Discus is a sport where age can be a positive advantage; experience counts for a lot. “Some experts say perfecting your technique can take up to 10 years,” he says. “I’m still learning - I was 37 when I threw my best-ever distance.”

When he turned 40, he qualified as a veteran and competed in the world veteran championships in Gateshead last summer and in the British veteran championships in Edinburgh, where he won gold in shot, discus and hammer. This season, he intends to compete in the European championships in Finland and - he hopes - the world championships in Brisbane in 2001. Last year, he also took part in his first throwing pentathlon - discus, hammer, shot, javelin and 35lb weight, gaining 10th place in the world veterans’ ranking.

Although John Moreland has taught various aspects and periods of history, his personal interest centres on England and Europe during the 16th century. At Rugby - immortalised in Thomas Hughes’s Tom Brown’s Schooldays - he encourages his students to explore the subject’s byways. “My upper sixth are delving into witchcraft during the 16th and 17th centuries - I hadn’t planned that, the interest came from them.”

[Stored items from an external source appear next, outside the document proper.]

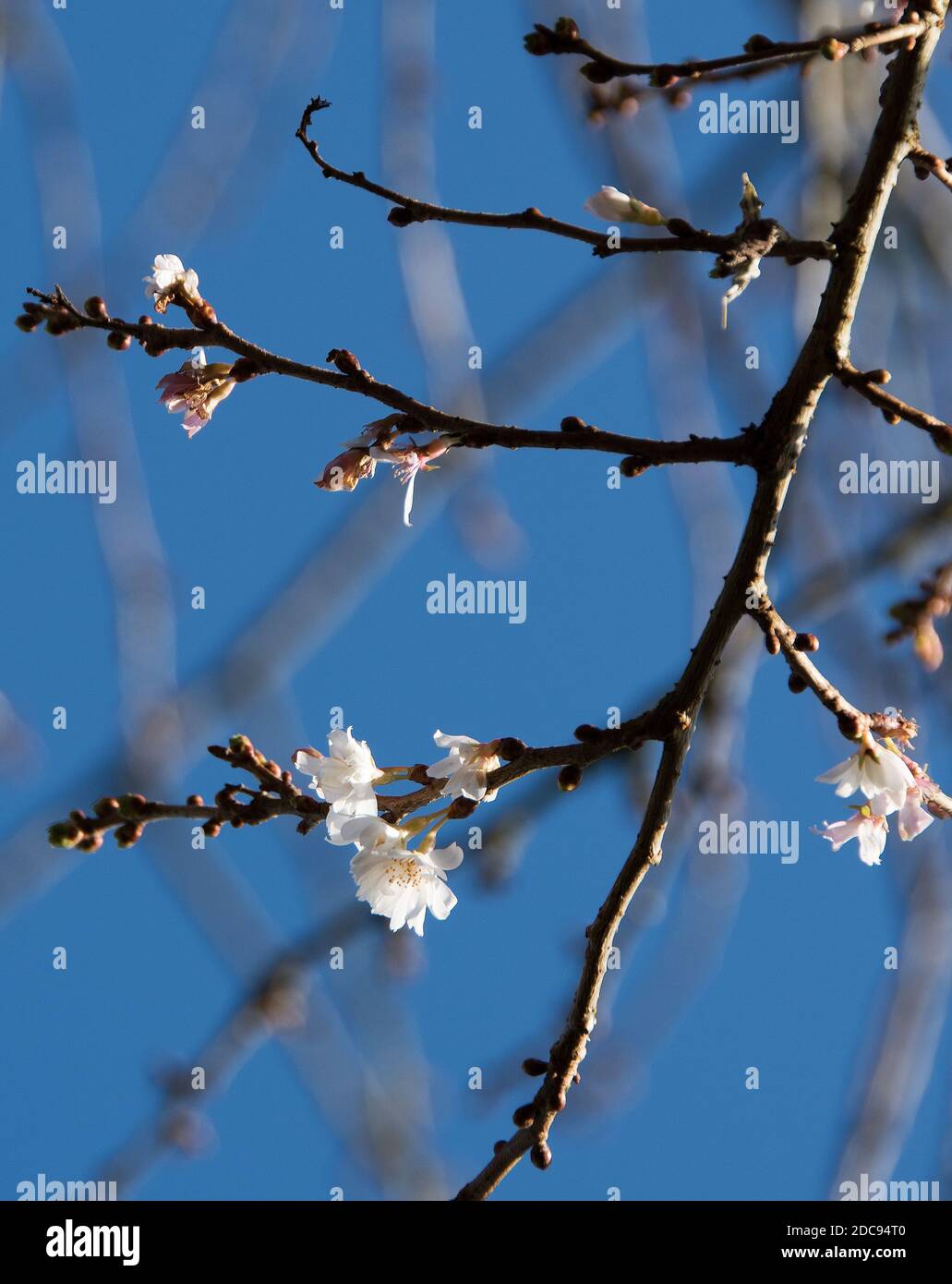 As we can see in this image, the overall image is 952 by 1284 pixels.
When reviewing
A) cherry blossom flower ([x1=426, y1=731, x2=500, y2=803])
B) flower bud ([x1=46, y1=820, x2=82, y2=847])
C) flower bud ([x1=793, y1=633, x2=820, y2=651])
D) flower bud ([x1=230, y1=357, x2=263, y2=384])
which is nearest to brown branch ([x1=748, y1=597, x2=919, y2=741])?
flower bud ([x1=793, y1=633, x2=820, y2=651])

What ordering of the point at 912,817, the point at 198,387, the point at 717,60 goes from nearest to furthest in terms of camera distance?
the point at 717,60, the point at 912,817, the point at 198,387

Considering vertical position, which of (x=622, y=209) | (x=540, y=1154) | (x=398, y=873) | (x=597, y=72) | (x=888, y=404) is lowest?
(x=540, y=1154)

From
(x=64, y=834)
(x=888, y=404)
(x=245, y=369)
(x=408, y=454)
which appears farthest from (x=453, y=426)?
(x=64, y=834)

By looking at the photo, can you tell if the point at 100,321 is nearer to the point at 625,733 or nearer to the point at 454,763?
the point at 454,763

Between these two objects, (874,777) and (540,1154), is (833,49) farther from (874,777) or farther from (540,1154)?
(540,1154)

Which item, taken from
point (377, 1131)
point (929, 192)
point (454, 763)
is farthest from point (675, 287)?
point (377, 1131)

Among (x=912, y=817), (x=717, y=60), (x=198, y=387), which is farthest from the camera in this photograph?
(x=198, y=387)

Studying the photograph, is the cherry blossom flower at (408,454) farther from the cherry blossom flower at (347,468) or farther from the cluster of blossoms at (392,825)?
the cluster of blossoms at (392,825)

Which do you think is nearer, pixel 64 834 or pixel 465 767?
pixel 465 767

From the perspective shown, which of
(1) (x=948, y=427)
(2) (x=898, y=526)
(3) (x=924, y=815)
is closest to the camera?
(1) (x=948, y=427) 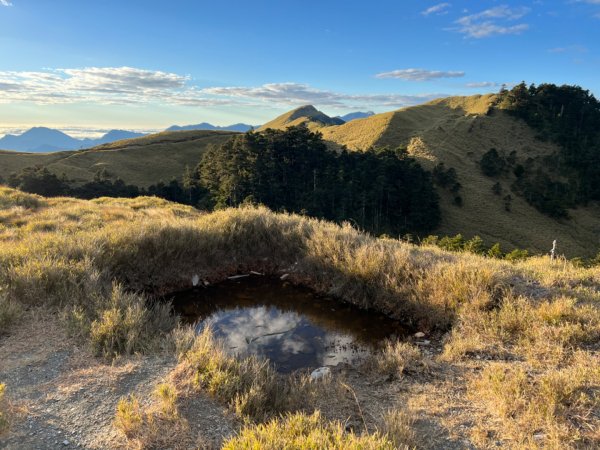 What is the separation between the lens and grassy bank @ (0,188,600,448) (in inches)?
179

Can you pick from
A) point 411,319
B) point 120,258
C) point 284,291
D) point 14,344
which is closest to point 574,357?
point 411,319

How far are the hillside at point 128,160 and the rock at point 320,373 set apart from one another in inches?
2924

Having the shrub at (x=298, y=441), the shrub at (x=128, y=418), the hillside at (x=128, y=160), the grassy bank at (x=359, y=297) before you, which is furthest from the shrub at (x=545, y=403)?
the hillside at (x=128, y=160)

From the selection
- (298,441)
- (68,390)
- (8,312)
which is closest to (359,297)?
(298,441)

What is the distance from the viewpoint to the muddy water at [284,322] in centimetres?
740

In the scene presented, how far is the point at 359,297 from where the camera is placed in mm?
9484

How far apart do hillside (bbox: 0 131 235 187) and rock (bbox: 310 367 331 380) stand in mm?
74281

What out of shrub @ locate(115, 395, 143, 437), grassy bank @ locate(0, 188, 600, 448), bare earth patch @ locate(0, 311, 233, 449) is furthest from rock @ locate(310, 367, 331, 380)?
shrub @ locate(115, 395, 143, 437)

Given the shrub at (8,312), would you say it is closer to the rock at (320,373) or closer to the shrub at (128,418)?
the shrub at (128,418)

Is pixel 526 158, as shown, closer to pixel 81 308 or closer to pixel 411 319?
pixel 411 319

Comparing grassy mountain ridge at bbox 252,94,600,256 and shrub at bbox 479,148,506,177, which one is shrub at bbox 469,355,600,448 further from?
shrub at bbox 479,148,506,177

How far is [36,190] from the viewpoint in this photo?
4906 centimetres

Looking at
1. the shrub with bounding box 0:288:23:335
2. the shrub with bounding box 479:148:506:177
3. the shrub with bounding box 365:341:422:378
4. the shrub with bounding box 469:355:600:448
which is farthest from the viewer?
the shrub with bounding box 479:148:506:177

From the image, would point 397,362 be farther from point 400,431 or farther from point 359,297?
→ point 359,297
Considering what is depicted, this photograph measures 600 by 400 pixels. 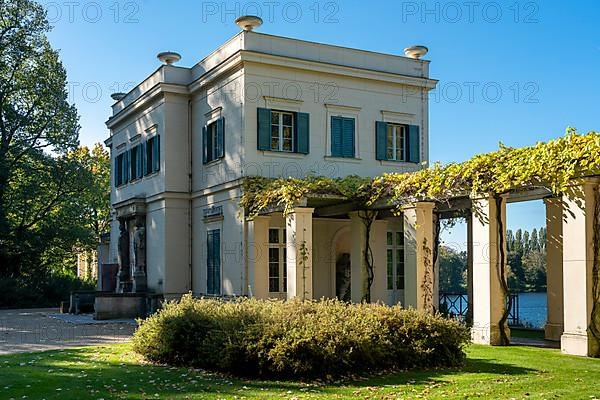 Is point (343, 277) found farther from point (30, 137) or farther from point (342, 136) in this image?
point (30, 137)

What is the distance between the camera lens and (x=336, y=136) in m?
21.3

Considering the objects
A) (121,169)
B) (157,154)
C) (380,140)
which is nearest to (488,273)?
Result: (380,140)

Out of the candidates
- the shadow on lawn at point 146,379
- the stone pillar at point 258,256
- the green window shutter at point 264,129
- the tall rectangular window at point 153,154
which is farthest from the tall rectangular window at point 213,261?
the shadow on lawn at point 146,379

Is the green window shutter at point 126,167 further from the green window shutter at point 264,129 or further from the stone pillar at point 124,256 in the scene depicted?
the green window shutter at point 264,129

As a private school inspector, a position appointed and administered by the Head Masters’ Conference, he says: “We carry out inspections to Ofsted’s guidelines. In fact, our inspectors are themselves inspected by Ofsted. However, we try to make inspection as non-threatening and unbureaucratic as we can. It can be a positive process, a chance to help schools optimise their performance, a real confidence-booster. The HMC-member schools foot the bill so we also try to work as cost-effectively as possible.”

He says he’s learned a lot from appraising other schools’ work - “it’s a two-way traffic”- and has enjoyed some unexpected fringe benefits. “One of the schools owned a cope (a ceremonial cloak) used by Henry VII’s chaplain and some even earlier gold reliquaries. Seeing those was fantastic.”

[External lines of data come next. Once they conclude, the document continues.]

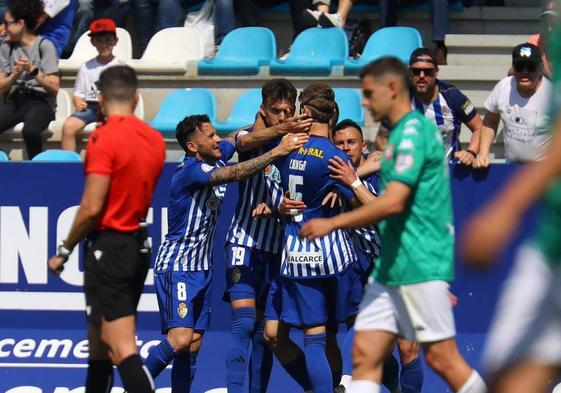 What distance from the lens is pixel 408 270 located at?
6.11 meters

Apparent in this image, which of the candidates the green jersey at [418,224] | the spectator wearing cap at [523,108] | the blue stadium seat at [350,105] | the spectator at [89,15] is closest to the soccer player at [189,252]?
the green jersey at [418,224]

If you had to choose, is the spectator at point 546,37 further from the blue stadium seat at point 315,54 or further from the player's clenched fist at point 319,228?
the player's clenched fist at point 319,228

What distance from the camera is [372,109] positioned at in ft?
20.4

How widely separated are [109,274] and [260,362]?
1.87 m

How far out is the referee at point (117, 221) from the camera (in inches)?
258

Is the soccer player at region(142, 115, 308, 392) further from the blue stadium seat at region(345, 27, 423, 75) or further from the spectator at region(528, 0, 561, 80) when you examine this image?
the blue stadium seat at region(345, 27, 423, 75)

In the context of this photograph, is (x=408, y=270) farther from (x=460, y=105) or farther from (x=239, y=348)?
(x=460, y=105)

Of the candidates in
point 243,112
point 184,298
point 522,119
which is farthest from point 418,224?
point 243,112

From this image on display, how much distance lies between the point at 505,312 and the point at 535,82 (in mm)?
4834

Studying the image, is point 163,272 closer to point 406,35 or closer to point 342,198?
point 342,198

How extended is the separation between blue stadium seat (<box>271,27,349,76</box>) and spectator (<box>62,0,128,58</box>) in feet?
5.90

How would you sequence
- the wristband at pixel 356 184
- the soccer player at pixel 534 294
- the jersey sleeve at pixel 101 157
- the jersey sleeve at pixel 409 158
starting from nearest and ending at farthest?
the soccer player at pixel 534 294, the jersey sleeve at pixel 409 158, the jersey sleeve at pixel 101 157, the wristband at pixel 356 184

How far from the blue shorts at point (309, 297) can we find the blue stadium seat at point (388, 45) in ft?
13.5

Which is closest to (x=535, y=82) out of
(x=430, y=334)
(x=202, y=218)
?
(x=202, y=218)
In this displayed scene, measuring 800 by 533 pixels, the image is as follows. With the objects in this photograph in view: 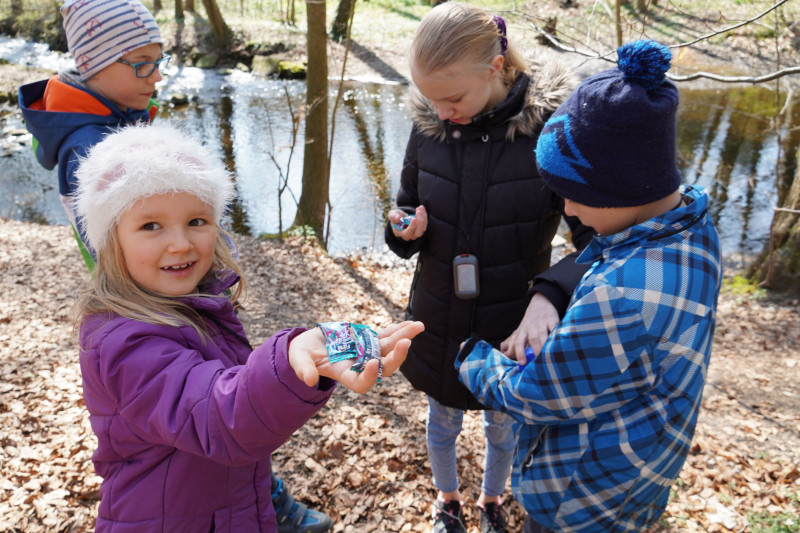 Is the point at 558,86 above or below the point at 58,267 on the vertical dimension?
above

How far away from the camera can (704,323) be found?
5.06 ft

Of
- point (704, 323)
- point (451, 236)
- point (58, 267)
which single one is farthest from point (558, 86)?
point (58, 267)

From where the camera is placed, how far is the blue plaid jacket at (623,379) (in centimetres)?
152

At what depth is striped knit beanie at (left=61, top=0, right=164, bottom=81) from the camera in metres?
2.49

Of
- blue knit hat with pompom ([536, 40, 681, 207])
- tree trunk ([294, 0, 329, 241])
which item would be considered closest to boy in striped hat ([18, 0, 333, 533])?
blue knit hat with pompom ([536, 40, 681, 207])

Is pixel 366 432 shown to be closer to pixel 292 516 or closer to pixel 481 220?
pixel 292 516

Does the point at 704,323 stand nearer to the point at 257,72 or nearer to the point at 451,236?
the point at 451,236

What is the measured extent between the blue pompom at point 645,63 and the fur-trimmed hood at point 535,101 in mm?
673

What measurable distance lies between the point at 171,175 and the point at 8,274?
5718 millimetres

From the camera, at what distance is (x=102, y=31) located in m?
2.49

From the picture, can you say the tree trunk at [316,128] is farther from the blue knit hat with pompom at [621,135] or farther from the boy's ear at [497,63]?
the blue knit hat with pompom at [621,135]

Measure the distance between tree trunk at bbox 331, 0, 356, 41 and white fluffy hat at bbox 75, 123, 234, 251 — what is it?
60.5 feet

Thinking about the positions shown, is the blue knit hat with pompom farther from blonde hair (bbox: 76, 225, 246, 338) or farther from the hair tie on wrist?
blonde hair (bbox: 76, 225, 246, 338)

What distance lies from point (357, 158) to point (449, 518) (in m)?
9.35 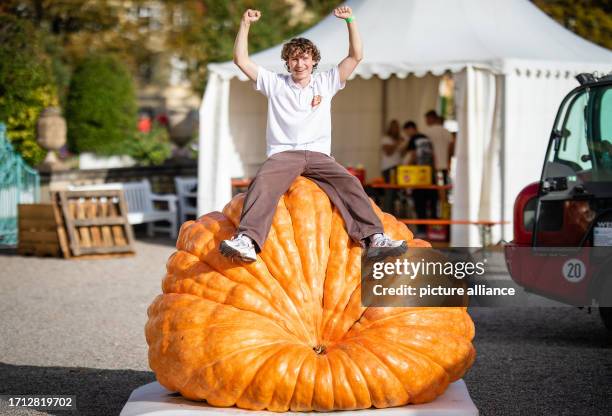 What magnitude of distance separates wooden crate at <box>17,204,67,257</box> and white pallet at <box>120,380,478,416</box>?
8.99 metres

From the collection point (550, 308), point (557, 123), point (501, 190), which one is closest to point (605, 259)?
point (557, 123)

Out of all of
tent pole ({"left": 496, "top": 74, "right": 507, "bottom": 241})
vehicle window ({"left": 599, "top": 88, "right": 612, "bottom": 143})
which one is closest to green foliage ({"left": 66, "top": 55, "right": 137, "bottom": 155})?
tent pole ({"left": 496, "top": 74, "right": 507, "bottom": 241})

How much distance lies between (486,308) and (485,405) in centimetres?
419

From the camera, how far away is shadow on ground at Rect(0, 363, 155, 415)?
6270mm

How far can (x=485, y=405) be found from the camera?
245 inches

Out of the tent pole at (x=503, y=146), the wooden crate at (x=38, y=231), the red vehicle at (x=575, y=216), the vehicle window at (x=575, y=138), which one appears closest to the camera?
the red vehicle at (x=575, y=216)

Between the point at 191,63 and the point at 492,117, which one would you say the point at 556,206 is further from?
the point at 191,63

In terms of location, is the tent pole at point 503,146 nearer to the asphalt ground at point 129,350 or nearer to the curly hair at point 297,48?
the asphalt ground at point 129,350

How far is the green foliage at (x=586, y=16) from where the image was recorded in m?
24.6

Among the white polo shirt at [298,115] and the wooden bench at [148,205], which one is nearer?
the white polo shirt at [298,115]

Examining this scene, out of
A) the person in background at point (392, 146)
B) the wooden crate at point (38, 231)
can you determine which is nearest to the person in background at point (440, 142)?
the person in background at point (392, 146)

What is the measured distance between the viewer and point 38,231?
1423 cm

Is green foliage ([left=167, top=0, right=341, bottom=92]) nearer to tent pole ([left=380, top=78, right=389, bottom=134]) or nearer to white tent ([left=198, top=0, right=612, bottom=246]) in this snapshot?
tent pole ([left=380, top=78, right=389, bottom=134])

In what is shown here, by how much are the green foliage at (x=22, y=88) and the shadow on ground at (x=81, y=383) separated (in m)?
12.6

Perhaps the discus appeals to the historian in Mr Moreland - the sport stretches back to biblical times. He smiles: “It’s an interesting thought. Certainly when I’ve covered classical history at school, we’ve studied the friezes and talked about how the Greeks sent peace treaties engraved on the discus. But I don’t take my sport too seriously - and ifthe kids think throwing the discus is a slightly ridiculous activity, they’re polite enough not to say so.”

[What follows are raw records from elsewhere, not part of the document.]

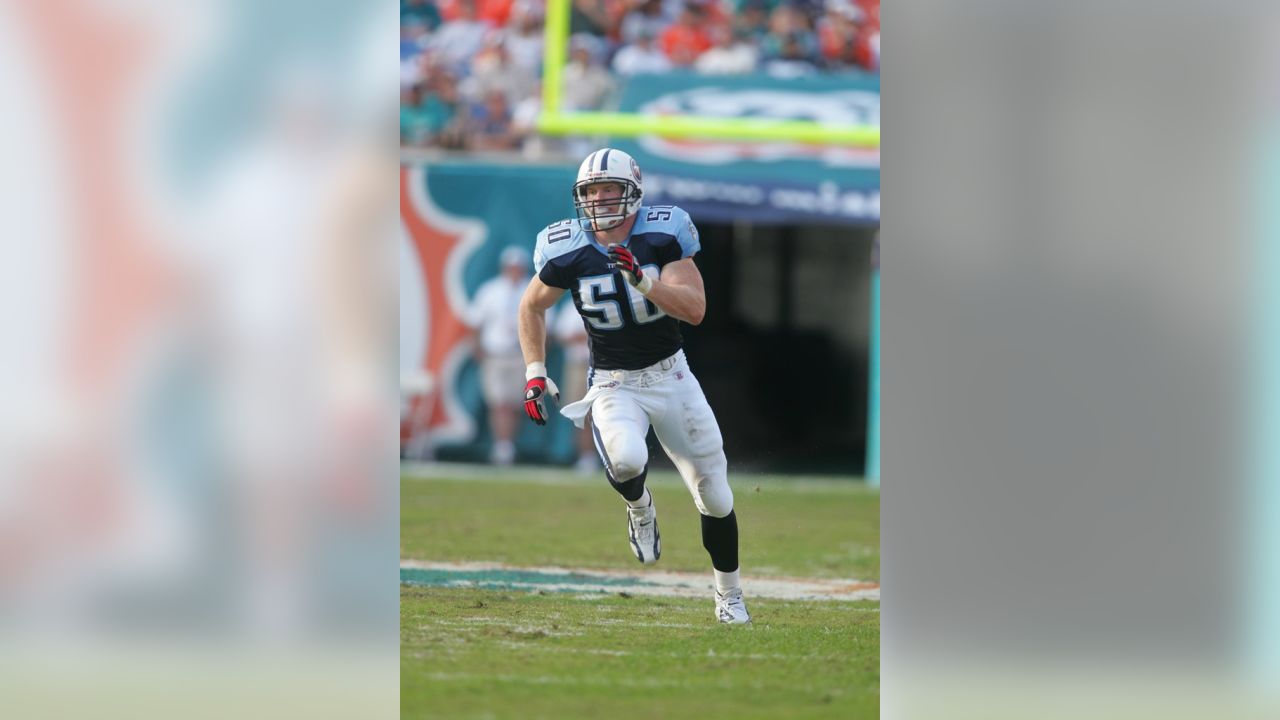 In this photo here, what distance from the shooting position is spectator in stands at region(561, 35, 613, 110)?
27.2 feet

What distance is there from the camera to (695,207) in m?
7.66

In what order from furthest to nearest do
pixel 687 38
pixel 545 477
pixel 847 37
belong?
pixel 687 38
pixel 847 37
pixel 545 477

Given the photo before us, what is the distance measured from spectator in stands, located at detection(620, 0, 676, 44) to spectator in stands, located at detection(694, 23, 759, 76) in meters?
0.35

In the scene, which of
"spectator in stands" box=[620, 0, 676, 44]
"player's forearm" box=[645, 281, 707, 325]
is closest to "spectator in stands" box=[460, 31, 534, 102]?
"spectator in stands" box=[620, 0, 676, 44]

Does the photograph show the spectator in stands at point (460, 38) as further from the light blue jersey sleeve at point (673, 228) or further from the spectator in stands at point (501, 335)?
the light blue jersey sleeve at point (673, 228)

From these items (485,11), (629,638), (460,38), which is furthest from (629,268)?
(485,11)

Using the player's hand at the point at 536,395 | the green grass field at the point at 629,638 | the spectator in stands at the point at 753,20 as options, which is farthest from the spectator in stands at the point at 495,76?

UK Athletics (0121 456 5098) is the governing body for the United Kingdom. The Amateur Athletics Association (0121 452 1500) organises the sport in England. More than 1,300 local athletics clubs are affiliated to the AAA

TURNING IS THE KEY TO A PERFECT THROW

Throwing the discus is technically complex, and an intellectual as much as a physical challenge, says John Moreland. He explains the technique: “It calls for a rotational movement - you start off facing away from the throwand have to turn one-and-three-quarters. You have to twist, maintain the maximum leverage on the discus, keep a smooth rate of acceleration, and then release.

” You have to be fast and relaxed at the same time - if you tense your arm, it pulls in, reducing the radius and leverage. Throwing the discus is less body-wrenching than the javelin or shot. Discus throwers don’t rely so much on that burst of energy - they need to be strong and fast of course, but the throw is less explosive.”

For the men’s event the discus weight is two kilos; for women it is one kilo. Height is a bonus for either sex, says UK Athletics’ technical director for throws, John Trower. “To be really successful at discus, you need to be over 6ft - the former world champion Lars Riedel is 6ft 7in, for example.”